Directions:
The lines to return run from the one containing "Ford Focus GAZ" through the end of the material; give them exactly and leave out the pictures.

Data block:
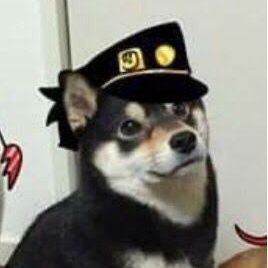 Jotaro Doggo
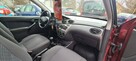 Ford Focus GAZ salon1.6 FX stan BARDZO DOBRY Bezwypadkowy GarażowanyBEZ KOROZJI - 10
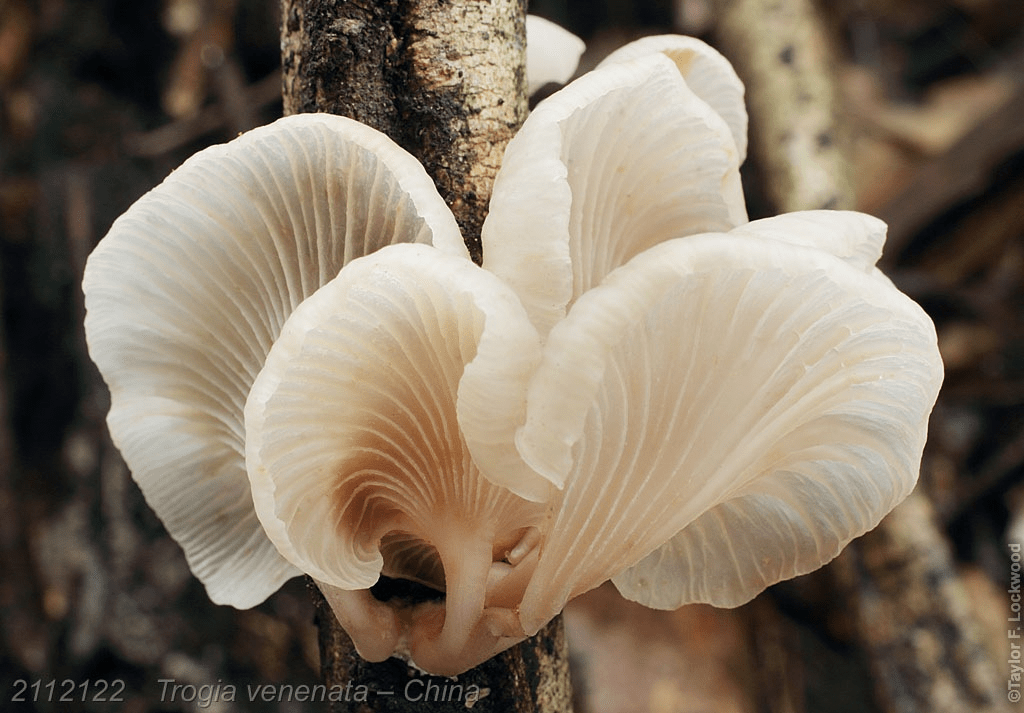 Little White Mushroom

Solution:
 Ford Focus GAZ salon1.6 FX stan BARDZO DOBRY Bezwypadkowy GarażowanyBEZ KOROZJI - 10
 Little White Mushroom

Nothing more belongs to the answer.